Ora Oliver Stone vuol riabilitare Hitler, Stalin e Mao

Roma«Hitler fu un facile capro espiatorio». Perbacco, chi si cela dietro questa rivelazione? Uno storico revisionista? Un nazista in vacanza a Bariloche? Nient’affatto, «solo» il più sinistrorso dei registi statunitensi, Oliver Stone. Possibile? Possibile. Perché quando il tuo nemico è in una parte che detesti del tuo stesso Paese, allora anche Hitler diventa uno statista da salvare. Sentite un po’: «Hitler è stato usato molto facilmente. Ma in realtà è il prodotto di una serie di azioni. Di cause e di effetti... Bisogna guardare oltre le semplici opinioni. Per esempio studiando i finanziamenti del partito nazista si scopre quante società statunitensi sono state coinvolte, dalla General Motors all’Ibm. Hitler era solo un uomo anche facilmente assassinabile». Amen.

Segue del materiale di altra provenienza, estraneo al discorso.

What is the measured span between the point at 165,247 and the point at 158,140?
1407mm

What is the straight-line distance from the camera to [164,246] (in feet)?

Con questo impianto storico, così libero da pregiudizi dice lui, Oliver Stone si appresta a girare una serie di 10 documentari, prodotti dall’americana Showtime (il canale a pagamento della Cbs) e presentati a Pasadena ai giornalisti della «Television Critics Association», sugli ultimi 60 anni di storia mondiale andandosi così a confrontare soprattutto con i suoi grandi protagonisti. Che in genere non sono personaggi proprio positivi. Per molti ma non per Stone: un maestro nel rigirare le frittate. La verità però è che lui non resiste a non entrare in simpatia con chi intervista o con chi racconta. Già nel 2003 s’innamorò di Fidel Castro e gli dedicò quel Comandante, con tanto di sequel l’anno dopo (Looking for Fidel), in cui il líder máximo si dipingeva «ingenuamente» così: «Sì, sono un dittatore, un dittatore di me stesso... prigioniero del popolo». Un poeta se non fosse l’esatto contrario.
Poi è stata la volta di Arafat con Persona non grata e, più recentemente, il regista di Platoon è sbarcato all’ultima Mostra di Venezia accompagnato dal campione di democrazia Hugo Chavez, tutto baci&abbracci, per South oh the Border in cui il presidente venezuelano è, diciamo così, la punta di diamante della nuova ondata di reggenti, tutti di sinistra, dell’America Latina bolivariana, descritta come il migliore dei mondi possibile (saranno state le foglie di coca che vediamo masticare da Stone insieme al presidente della Bolivia Evo Morales?). Il doc si conclude con l’avvento del Salvatore individuato nella persona di Barack Obama, nuovo presidente degli Stati Uniti. Anche per lui la fascinazione non conosce ostacoli. Stessa storia di quando nel 1991 diresse JFK - Un caso ancora aperto sull’assassinio a Dallas di Kennedy, un presidente mito per Stone. Tanto da sostenere che, responsabile della Baia dei Porci e dell’inizio della guerra in Vietnam, era solo un poveretto manovrato dai militari. Come per l’attuale premio Nobel per la pace: «Si può capire perché Obama sta seguendo le orme di Bush in Afghanistan, è ormai intrappolato in questo sistema». Come Jfk, come Hitler, è preda delle forze militari-industriali. Paradossalmente come Bush stesso, il nemico giurato di Stone, alla fine ritratto in W. di due anni fa quasi pietosamente, un uomo tragico in balìa del padre e dei marpioni della Casa Bianca. Idem per il presidente del Watergate che in Gli intrighi del potere - Nixon (1995) si scopre essere, anch’egli, un capro espiatorio. Perché alla fine i veri cattivi sono, ad esempio, i maghi della Borsa, gli stessi che ha appena finito di ridemolire nel sequel del suo successo del 1987 e che ora s’intitola Wall Street 2: Money Never Sleeps (in uscita il 23 aprile negli States) sempre con Michael Douglas da Oscar nel ruolo di Gordon Gekko.
In quest’ottica, piena di licenze storiografiche, la rivisitazione della Storia in pellicola non può che destare qualche interrogativo. Soprattutto quando, e Stone onestamente non lo nasconde, «per affrontare i fatti del passato bisogna cercare un’empatia con il personaggio che sarebbe invece molto facile odiare». Così ci sono parole di comprensione anche per un altro «grande»: «Hitler, Mao, McCarthy, sono già stati abbastanza vilipesi. Stalin ha invece completamente un’altra storia. Non ho intenzione di dipingerlo come un eroe ma vorrei raccontarlo basandomi sui fatti. Lui ha combattuto la macchina da guerra tedesca più di ogni singola persona.

Perché non possiamo giudicare la gente considerandola solo buona o cattiva». Di più: «Bisogna mettersi nei panni di Hitler o di Stalin per capirli, altrimenti avrei fatto una serie per History Channel». E non sarebbe stato meglio?